Tales From Earth:Games-Sports-Ultimate Frisbee
Across the sunny field James saw the opposing team reform themselves on their line. His team reshuffled themselves in response and he held high the plastic disc. The opposing captain raised his hand, and James put his shoulders, forearm and wrist into flinging the disc as hard as he could at them. In the same beat, he started sprinting after it.
Earth has a lot of sports, games which test the physical fitness and skill of the players as well as their teamwork and mental abilities. These sporting events are much more popular than the purely mental events, such as Chess or Go. One such sport is described here, in the hope that Perplexians will appreciate why we like to watch and play sports on Earth.
Ultimate Frisbee (or just 'Ultimate', if you want to avoid nasty trademark issues), was born out of New Jersey, around 1968. It involves two teams of seven players, a pitch which is about 110x37 metres, and a small, usually 175 gram, plastic flying disc. Each team scores points by completing a pass into the opponents' endzone. Players may only move one of their feet whilst they hold the disc, thus only allowing them to pivot on one foot.
Play begins by the defending team 'Huck'ing the disc to the opposing team. The farther they throw it, the farther the opposing team has to get it back to the endzone. Players usually mark each other one-on-one. By far the most common offensive strategy is to set up a 'stack' of players extending down the pitch, between the player with the disc and the opposing endzone, facing the disc.

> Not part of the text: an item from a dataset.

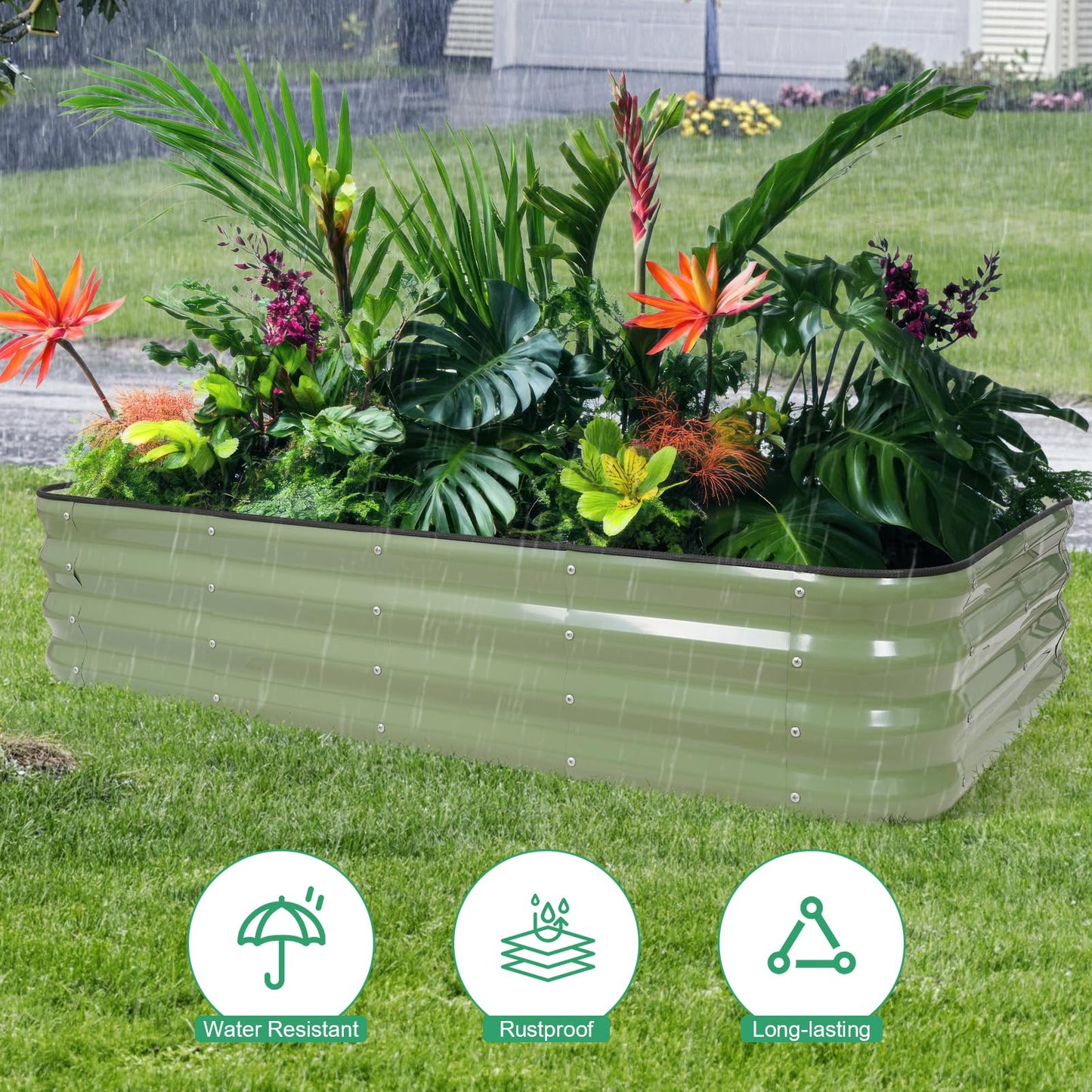 1MORE Raised Garden Bed -5X3X1 Galvanized Planter Box for Outdoor Gardening,4 in 1 Modular Raised Bed Kit with Protective Tape, Gloves for Herb,Ideal for Vegetables and Plants.Green-2Pack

Players can then sprint sideways, forwards or backwards to try and lose their mark and successfully receive a throw, turn and pass the disc back to someone further back in the stack. When executed properly, this manouevre looks elegant and gets the disc a long way towards its goal with minimal interference from the other team.
The most common defensive play is to try to push the attacking team against the sidelines, by means of a 'force'. When a player has the disc, his mark will be very near him -- a little more than a disc-width away, trying to prevent him releasing a good throw. However, unless the defending player is three times larger than the handler (an uncommon trait on Earth), he cannot block the player on all sides. He will usually allow the player to throw backwards freely. With no force, the defender will stand straight in front of the handler. If there is a force to one side of the pitch or the other, then the defender stands on the other side, trying to force the handler to throw the disc forwards, but towards the chosen sideline. Because throwing from the sideline is much harder, the offense will hopefully eventually make a mistake.

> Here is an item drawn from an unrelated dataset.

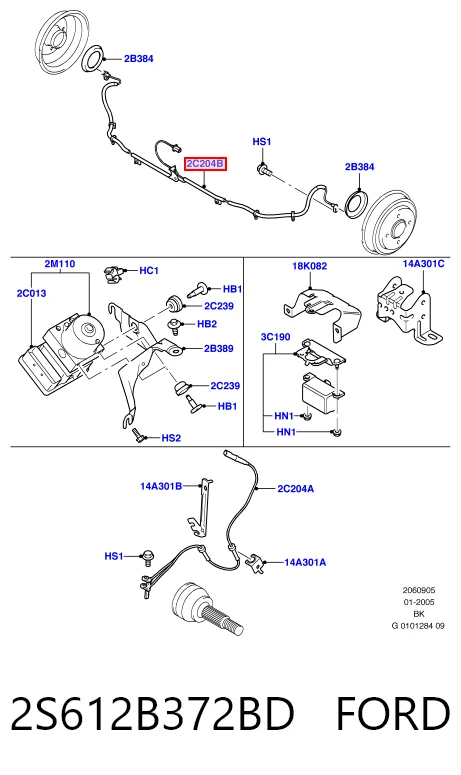 Sensor ABS trasero 2S612B372BD FORD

When the disc touches the ground, or is caught by a player with both feet out of bounds, then it is a turnover, and the two sides switch offense/defence roles.
Ultimate is unique amongst Earth sports because it is unrefereed. There is a high degree of sportsmanship, and it is common for players to admit their own fouls, greet and chat to their mark whilst playing and sit and have a friendly chat after the game is finished. The players are more interested in having fun than winning (although winning is still important). When a game is over, the two teams will often sit in a circle and discuss the game, complimenting players on heroic or skillful plays, and suggesting ways they might improve; they will often play silly mini-games at this point too.